By Nabila Ahmed, Sridhar Natarajan and Molly Smith
Tesla Inc.’s Elon Musk is selling his dream. Bond investors seem to be closing their eyes and buying it.
Musk brought his charm offensive to the debt market at a meeting for bond buyers in Manhattan on Monday and came away with orders for $600 million after just a few hours, according to investors briefed on the matter. The session was part of a four-day debt-marketing extravaganza aimed at raising $1.5 billion to support the electric carmaker’s new mass-market Model 3.
It’s a well-oiled routine. Musk previously tapped his cult-like followers in the equity market for capital eight times in seven years to fund Tesla’s growth. Apparently, his pitch works on debt investors, too: The company could wind up paying no more than 5 percent on the junk-rated bonds, the people said, asking not to be identified because the discussions are confidential.
In a world where some interest rates are still hovering near zero, that’s enough to seal the deal, even for a company whose managers burned through a record $1.16 billion of cash in the second quarter.
“It’s a great deal for them, which by definition means it can’t be a great deal for the investors,” said Marty Fridson, chief investment officer of Lehmann, Livian, Fridson Advisors LLC. “The reason they’re getting a good deal is because yields are near record lows and risk premiums are much less than they should be. Tesla is taking advantage of that.”
The campaign kicked off with a presentation at the New York Palace Hotel that had the billionaire personally answering investor questions while a gleaming blue Model 3 sat on display in the courtyard. Musk, 46, also invited his audience to a visit scheduled for later this week at the company’s assembly plant in Fremont, California. Representatives for the company didn’t immediately respond to requests for comment.
“The halo effect is real,” Mathews said. “We saw that with Netflix. As a brand name, people know it, they know the situation from a financial standpoint, so when it came to market, people bought it.”
Netflix Inc. sold $1 billion of bonds with a 4.375 percent coupon in October. The bonds are now trading with a yield of about 4.2 percent, as investors continue to bet on the growth story and ignore the cash burn.
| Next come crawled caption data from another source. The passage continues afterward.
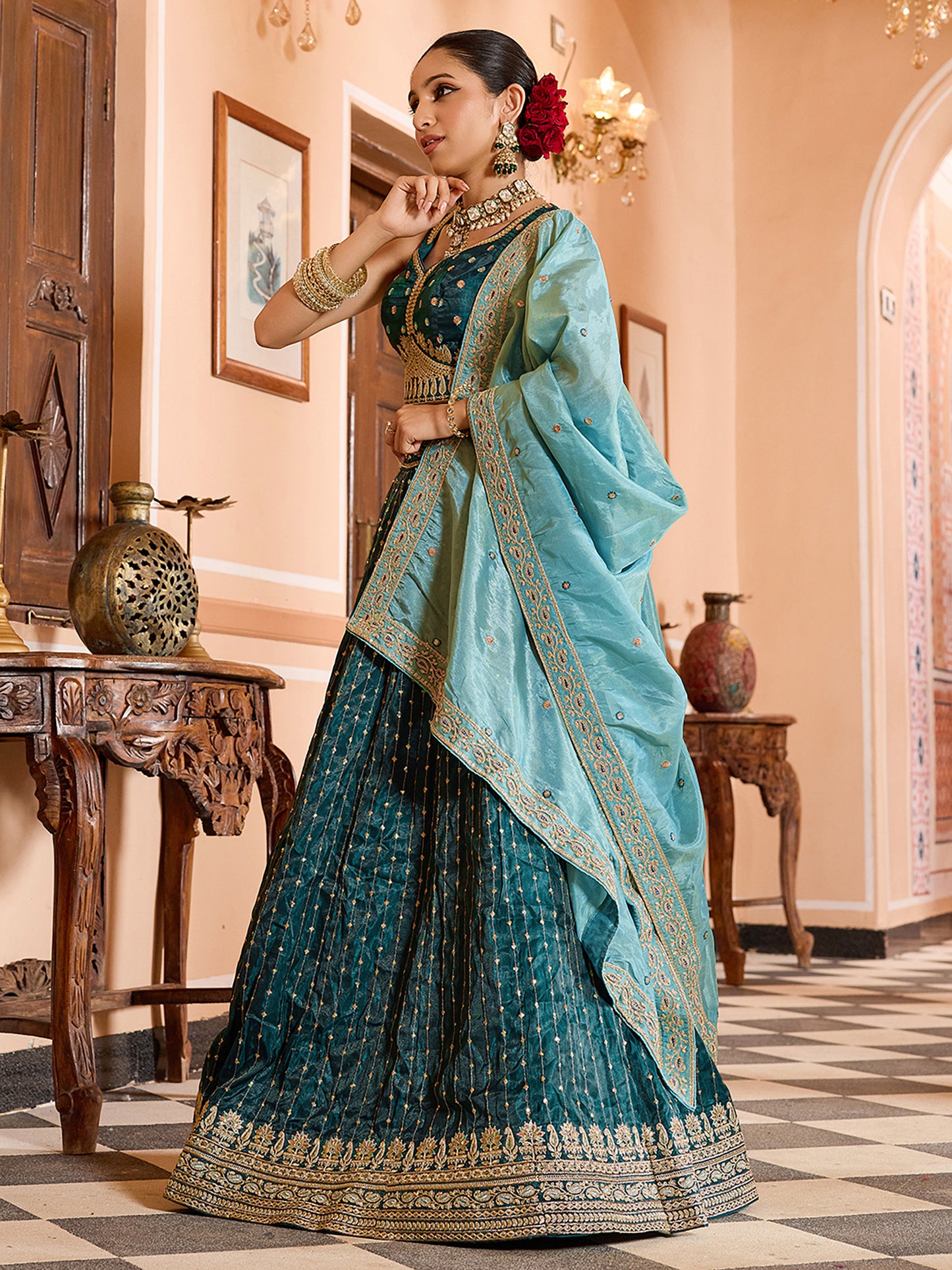Teal Blue Tissue Silk Fabric Sequins Embroidery Wedding Guest Lehenga Choli
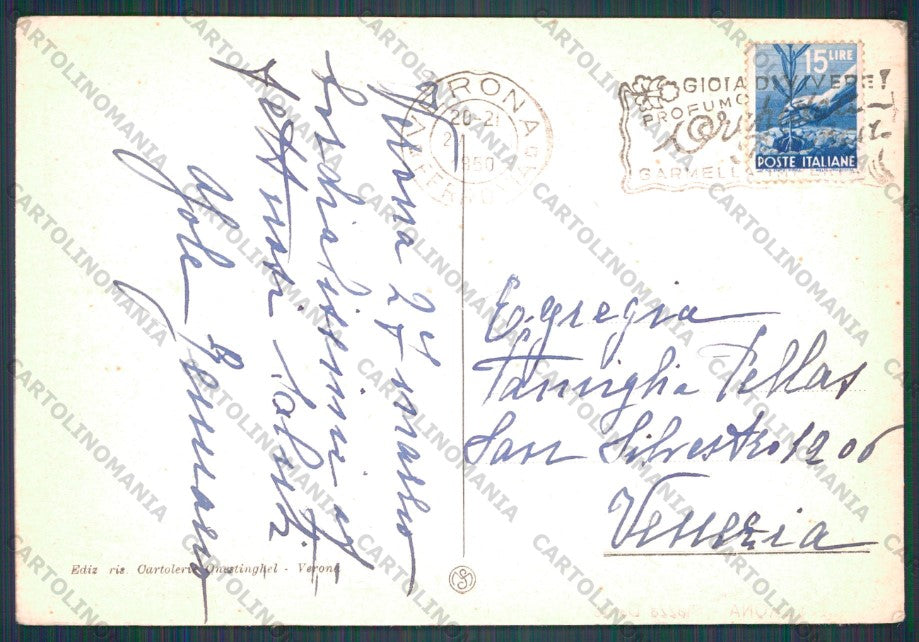 Verona Città Piazza Dante PIEGA FG cartolina VK2486 – retro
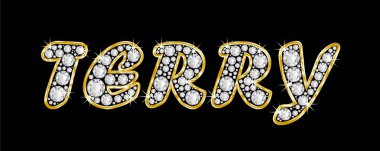 adı terry bling elmas, parlak, parlak altın çerçeve ile yazıldığından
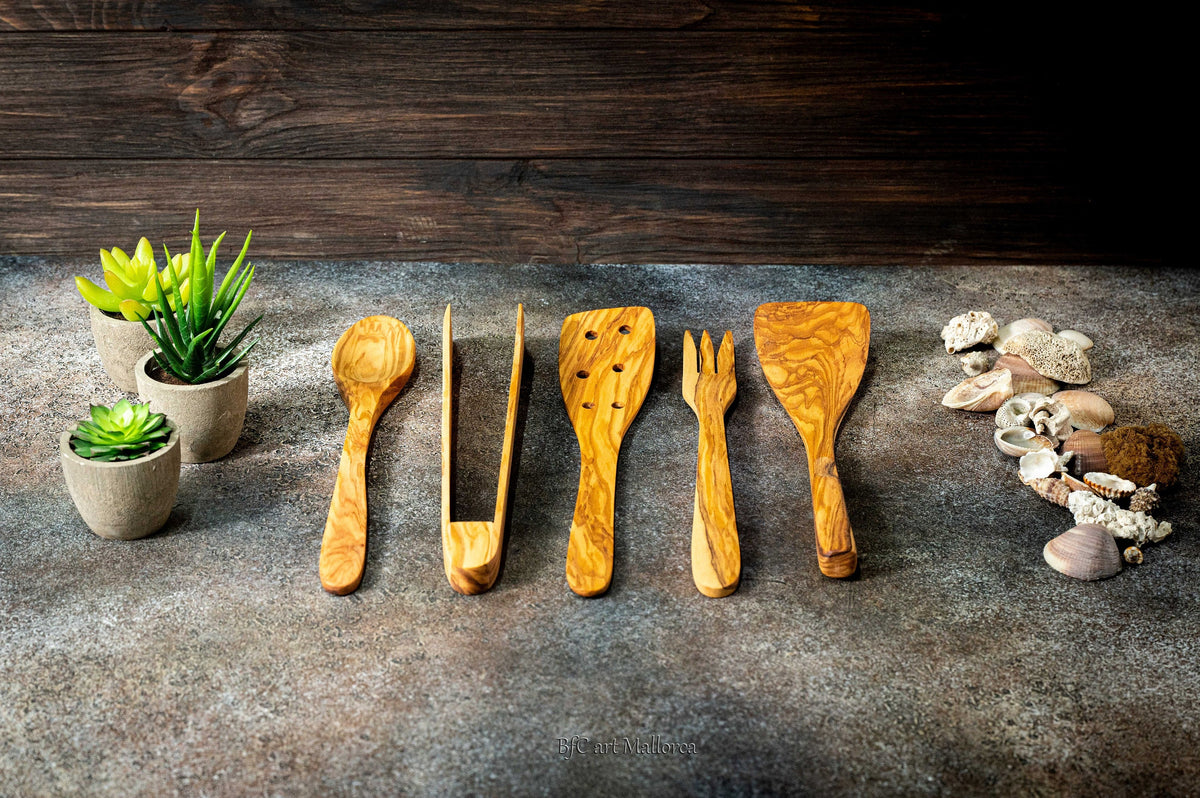 Handmade Olive Wood Utensil Set: 5-Piece Rustic Kitchen Spoons & Tongs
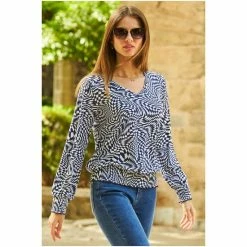 Sosandar Blue Print Shirred Waist V Neck Long Sleeve Top 5 Sosandar Blue Print Shirred Waist V Neck Long Sleeve Top -Sosandar unnamed file 1426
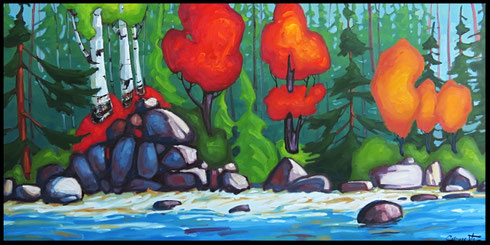 Vision d'automne 30x60 huile sur toile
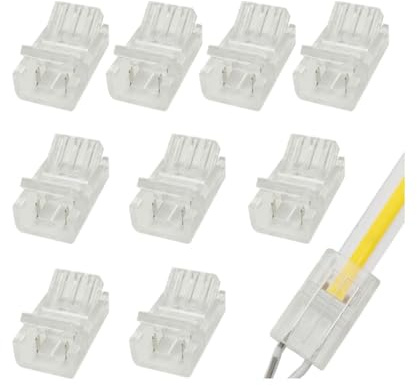 Biantie La 2 Pin 8mm COB Connector Kit (10 Pack) | Solderless Strip to Wire Adapter for High Density Single Color Lights | No-Stripping Connection for 22 AWG Cable (5V 12V 24V)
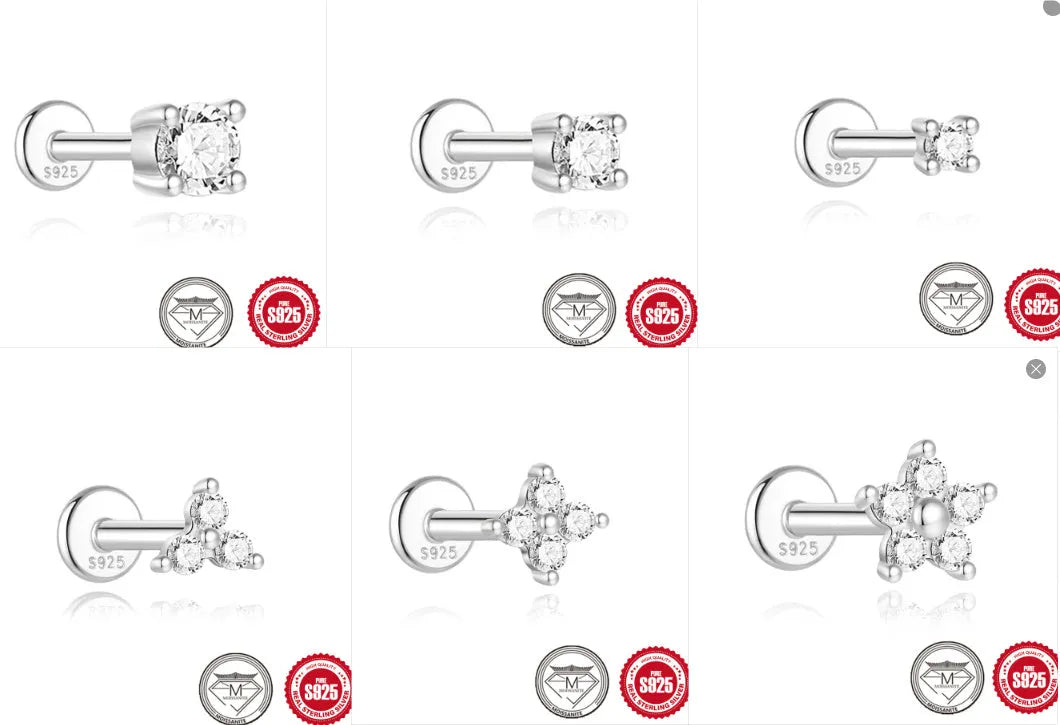 S925 sterling silver geometric stud earrings with petal diamond design, showing triangle and flower shapes.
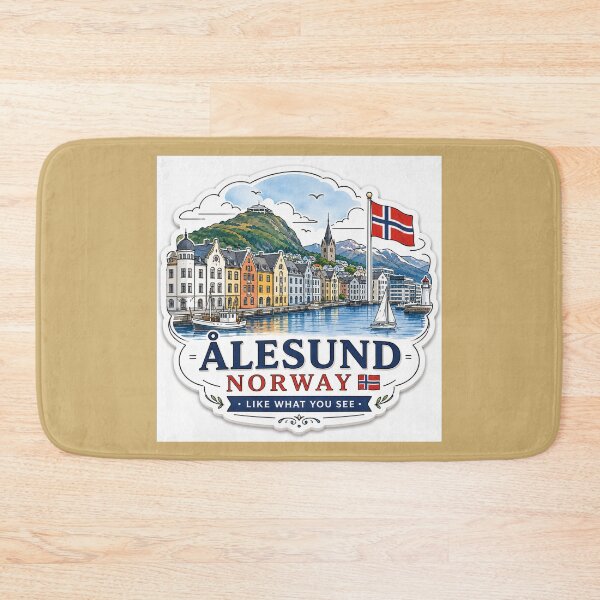 Item preview,  Ålesund Norway Cute 3D Skyline Label  Label Text  ÅLESUND NORWAY ?? designed and sold by PaintMeWorld.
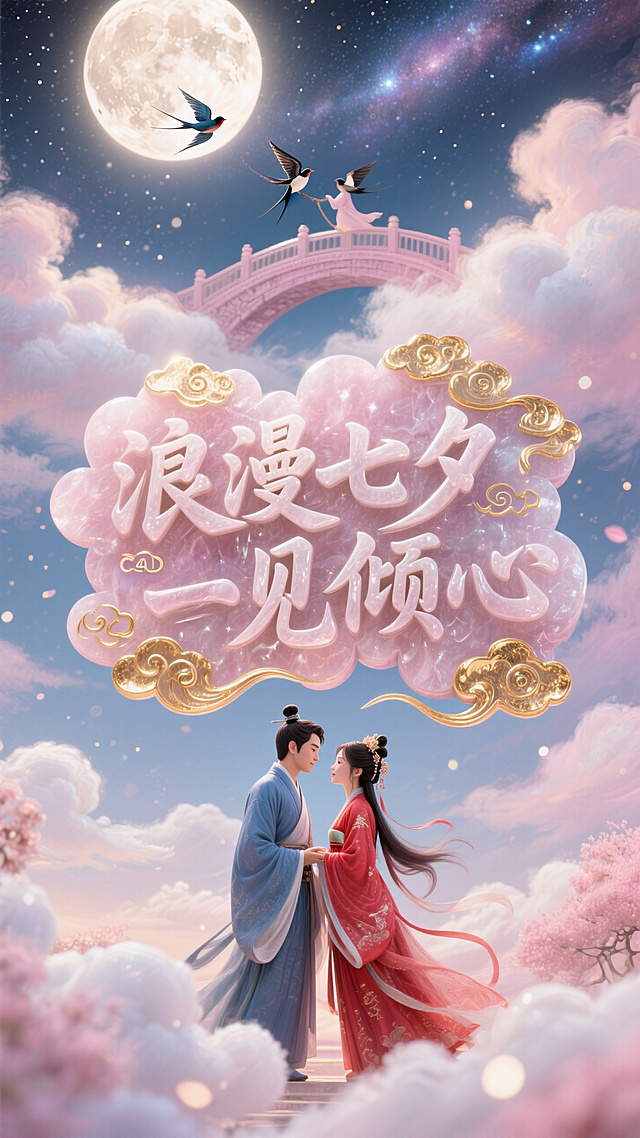 浪漫七夕，中式插画风，梦幻超现实主义，情侣云端相会，满月映衬，浪漫氛围浓。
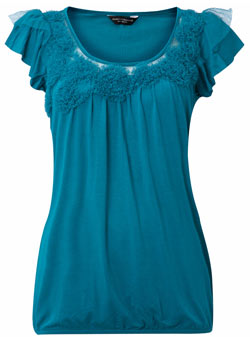 Dorothy Perkins Teal rosette top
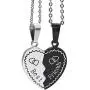 MJartoria BFF Necklaces for 2, Best Friend Necklaces Split Heart Silver Black Best Friends Forever Pendant Friendship MJartoria BFF Necklaces for 2, Best Friend Necklaces Split Heart Silver Black Best Friends Forever Pendant Friendship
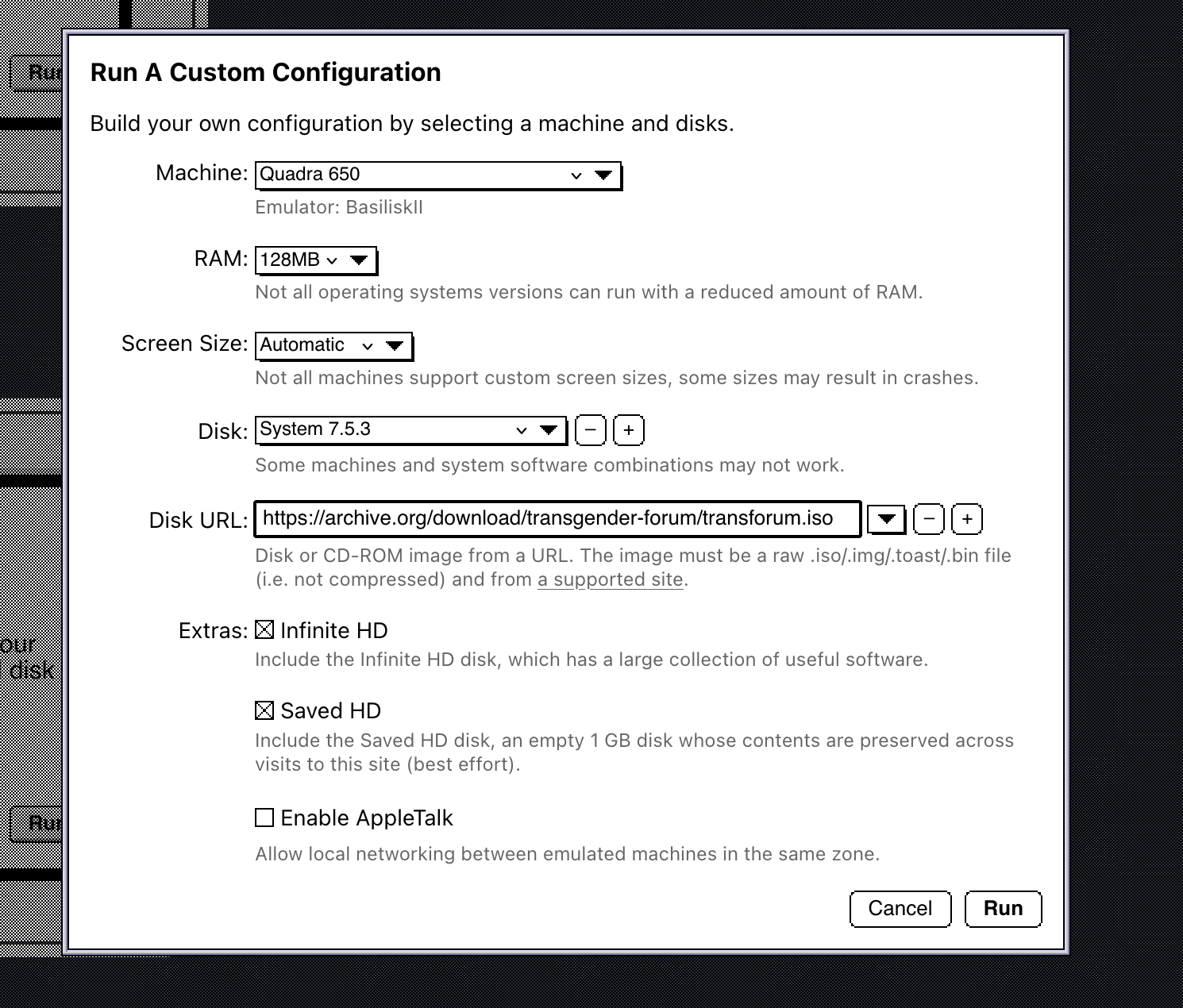 window on infinite mac open showing the various settings for the system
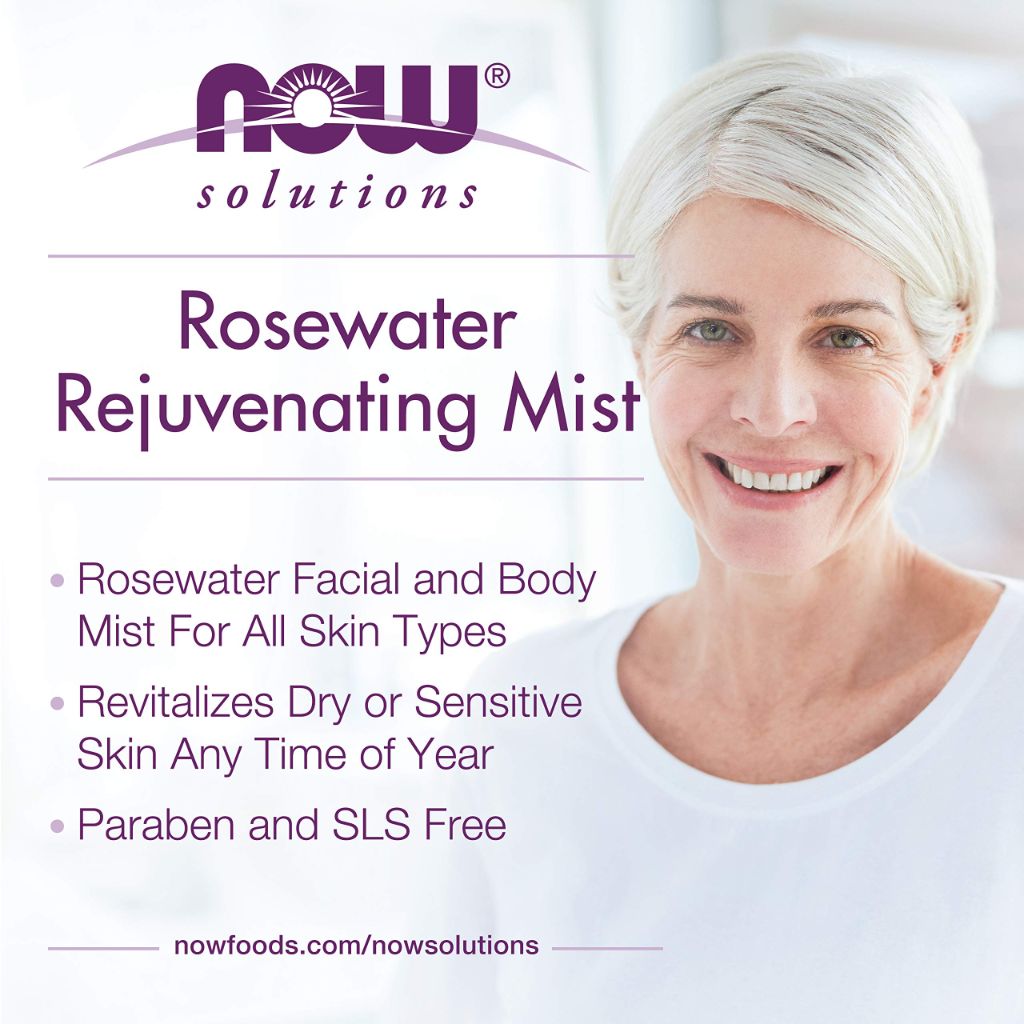 NOW Solutions Rosewater Rejuvenating Mist, Hydration and Rejuvenation Spray for All Skin and Hair Types, 4OZ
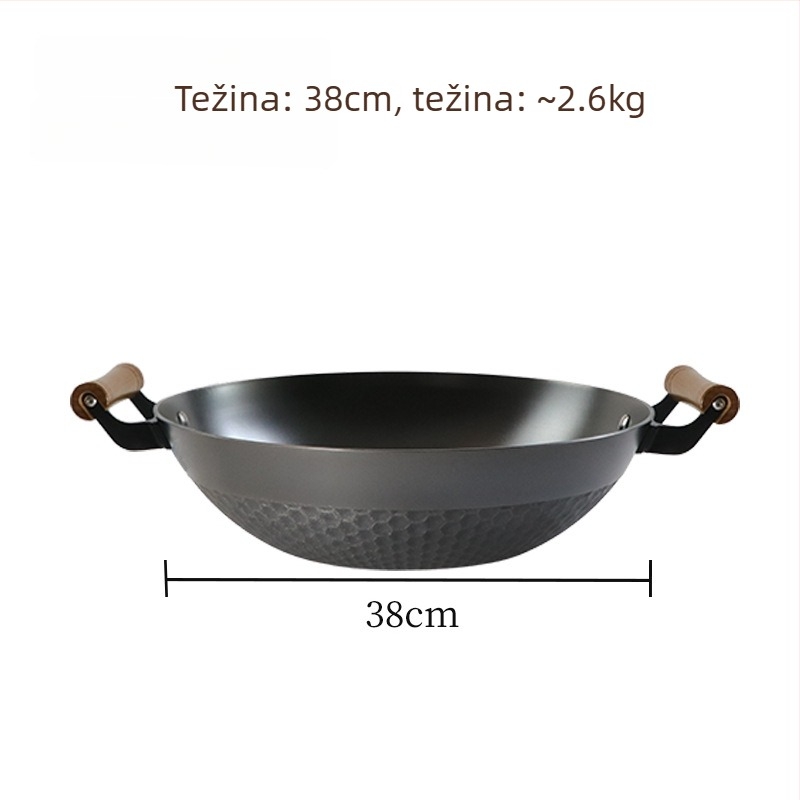 Wok od lijevanog željeza s uzorkom ananasa, ravno dno, kineskog stila, model Sh-lhcg-30
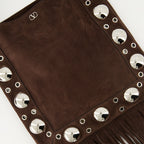 Sacs bandoulière Borsa Nellcôte Frangiata Valentino Garavani Marron Femme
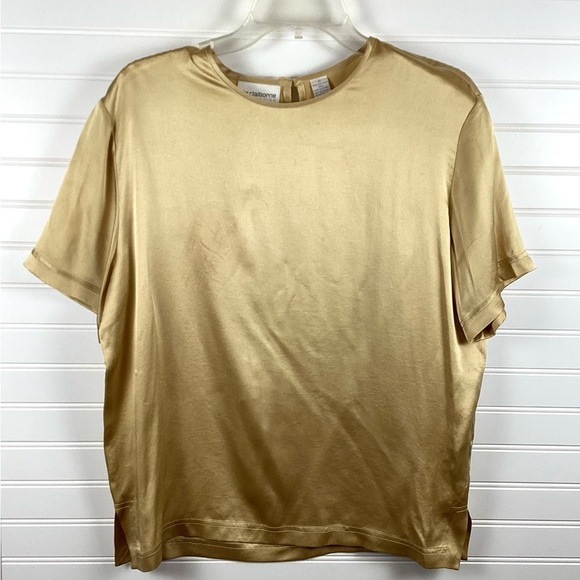 Liz Claiborne good 100% Silk Short Sleeve Top Size Large Size 12 - Picture 1 of 7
That’s likely to boost the fortunes of shareholders and owners of debt that can be converted to stock, but there’s no bonus for buyers of the new bonds; their reward is limited to the income from their coupon for eight years.
For Mark Holman, chief executive officer of London-based TwentyFour Asset Management, Tesla’s warm reception in the bond market is reminiscent of the dot-com era more than a decade ago.
“That euphoria allowed companies to obtain debt in order to grow their young businesses, instead of using equity,” Holman said in a note to clients. “This ultimately ended in pain for investors as default rates soared in the later part of 2002 to 2003. This is why we always frown when new technology is mentioned in the same sentence as fixed income.”
Bruce Clark at Moody’s Investors Service is also containing his enthusiasm, as the credit grader rated Tesla’s deal at B3 — six steps deep in the bond market’s junkyard. An onslaught of electric models from other carmakers is coming, Clark wrote, and besides, ramping up factory output to such high volumes is risky.
“Getting production levels up to where they want them and doing it in a glitch-free manner — that is not easy,” Clark said in an interview.